Ken Pears

Personal information
- Full name: Kenneth Pears
- Date of birth: 12 April 1934
- Place of birth: Vancouver, British Columbia, Canada
- Date of death: 18 December 2022 (aged 88)
- Place of death: Vancouver, British Columbia, Canada
- Height: 1.80 m (5 ft 11 in)
- Position(s): Goalkeeper

Senior career*
- Years: Team / Apps / (Gls)
- Vancouver Capilanos
- 1951–1954: Westminster Royals FC
- 1954–1955: Vancouver Firefighters FC
- 1956–1958: Vancouver Hale-Co FC
- 1958–1959: Vancouver Firefighters FC
- 1959: Westminster Royals FC
- 1959–1968: Vancouver Firefighters FC
- 1964: → Vancouver Columbus FC (loan)
- 1967: → Victoria O'Keefe (loan)
- 1968: Vancouver Canadian Royals
- 1969: Vancouver Spartans
- 1969–1970: Vancouver Firefighters FC

International career
- 1957: Canada / 4 / (0)

= Ken Pears =

Canadian soccer player (1934–2022)

Kenneth Pears (12 April 1934 – 18 December 2022) was a Canadian soccer goalkeeper. He was a four-time national champion with Westminster Royals FC (1953), Vancouver Hale-Co FC (1956), Vancouver Columbus FC (1964), and Vancouver Firefighters FC (1965). He was Canada's starting goalkeeper during FIFA World Cup Qualifiers in 1957. He is an honoured member of the Canada Soccer Hall of Fame as part of the inaugural class in 2000.

In the Pacific Coast League, Pears won seven championships with three clubs: five times with Firefighters (1954–55, 1961–62, 1963–64, 1964–65, 1965–66), once with Westminster Royals FC (1952–53), and once with Hale-Co FC (1958). From 1952 to 1966, he was a British Columbia or Mainland All-Star in 13 of 15 seasons. He notably posted a clean sheet against Tottenham Hotspur in a 2–0 win in Vancouver on 3 June 1957.

Pears was still just 19 years old when he won his first national title with Westminster Royals in 1953. After they lost the 1952 Canadian Final to Montréal Stelco and opposing goalkeeper Bill Gill (footballer), Pears and his teammates faced the same all-star goalkeeper a year later now wearing the Montréal Hakoah colours. This time, Pears posted two clean sheets in three matches as the Royals captured the 1953 Championship. Across eight inter-provincial matches against Edmonton, Winnipeg and Montréal, Pears posted five clean sheets and conceded just three goals, two of which were scored from the penalty spot.

In 1961–62, Pears won the Austin Delany Memorial Trophy as the league's most valuable player. Along with winning the league championship, the Anderson Cup, and the BC Soccer Province Cup, Pears also helped Firefighters FC win the 1962 Pacific Coast International Championship for the J.K. Kennedy Cup.

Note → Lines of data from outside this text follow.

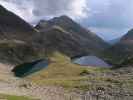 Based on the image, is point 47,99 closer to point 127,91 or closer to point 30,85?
point 127,91

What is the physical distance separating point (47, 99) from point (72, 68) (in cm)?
10126

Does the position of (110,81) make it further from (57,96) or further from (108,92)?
(57,96)

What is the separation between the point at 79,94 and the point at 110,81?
24.9 m

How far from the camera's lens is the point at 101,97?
9431 centimetres

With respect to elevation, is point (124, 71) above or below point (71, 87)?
above

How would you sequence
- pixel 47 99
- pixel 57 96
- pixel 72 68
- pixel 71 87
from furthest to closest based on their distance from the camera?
pixel 72 68 → pixel 71 87 → pixel 57 96 → pixel 47 99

Pears also played in the 1964 edition of the Pacific Coast International Championship with the Pacific Coast League all-stars, earning MVP honours as the team finished second. He missed the 1966 edition through injury when Firefighters won their second Kennedy Cup; he won the 1967 edition as a backup goalkeeper (on loan) with Victoria O'Keefe.

In 1969, Pears helped Vancouver Spartans win the Western Canada Soccer League championship.

After representing Canada in FIFA World Cup Qualifiers in 1957, he captained Canada's side during a 1960 tour of the Soviet Union and Britain.

Pears was inducted into the British Columbia Sports Hall of Fame in 1986. He died on 18 December 2022, at the age of 88.